Data extract:
[Start of Attachment]

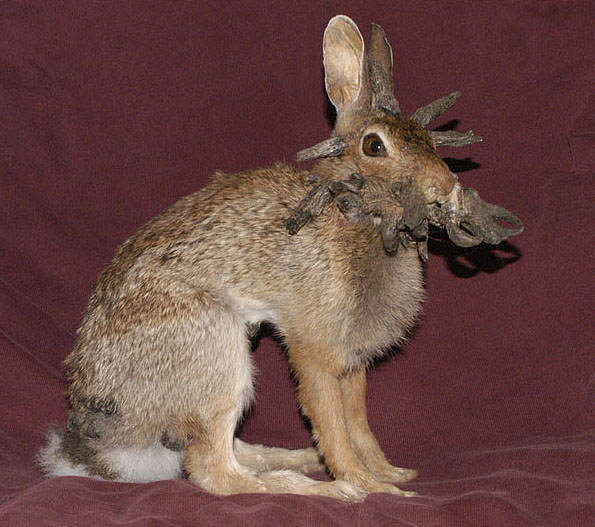 Jackalope (prawdziwy - zajęczak z CRPV)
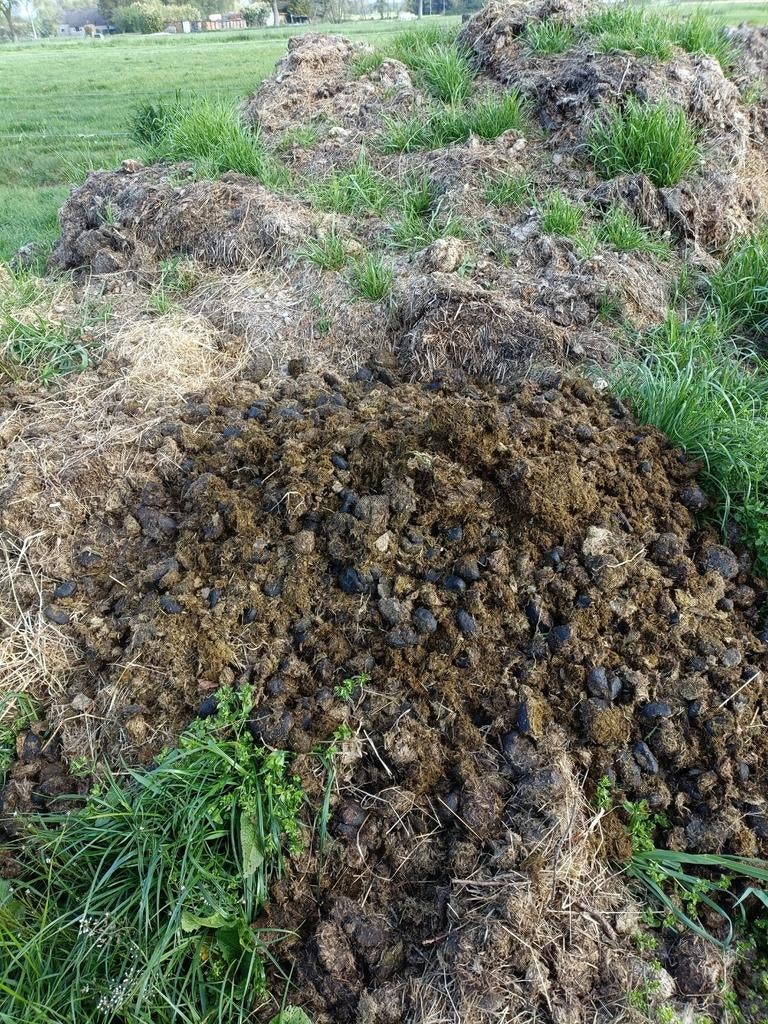 Paardenmest uit stal en weide - Nieuweroord, Drenthe, Ophalen, Mest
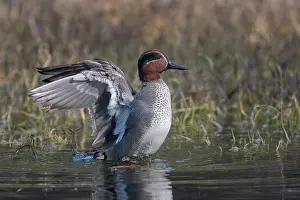 Duck Prints: Common teal (Anas crecca) male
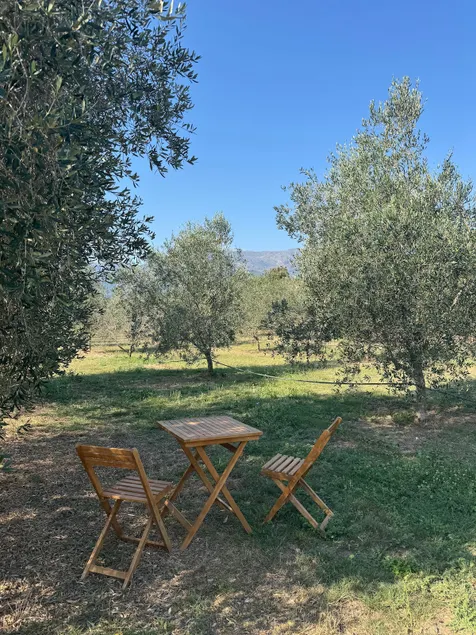 In the heart of the olive grove – T2 - Image 1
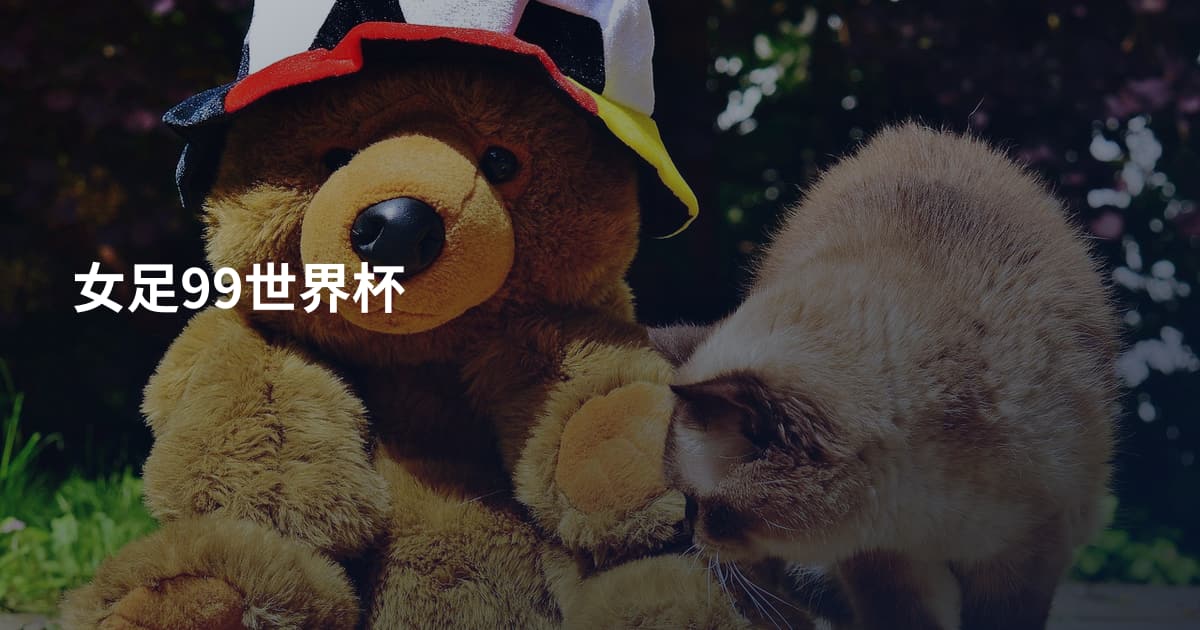 女足99世界杯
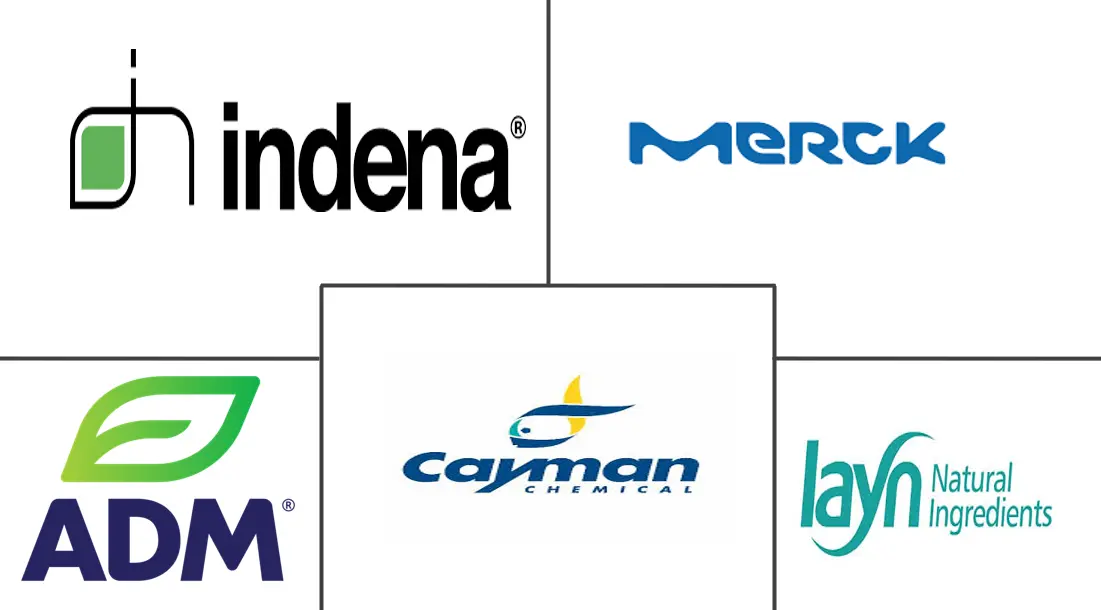 类黄酮市场规模和份额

[End of Attachment]

Problem: All of the preceding material should be output verbatim, with the pictures excluded.

Response below:
 Jackalope (prawdziwy - zajęczak z CRPV)
 Paardenmest uit stal en weide - Nieuweroord, Drenthe, Ophalen, Mest
 Duck Prints: Common teal (Anas crecca) male
 In the heart of the olive grove – T2 - Image 1
 女足99世界杯
 类黄酮市场规模和份额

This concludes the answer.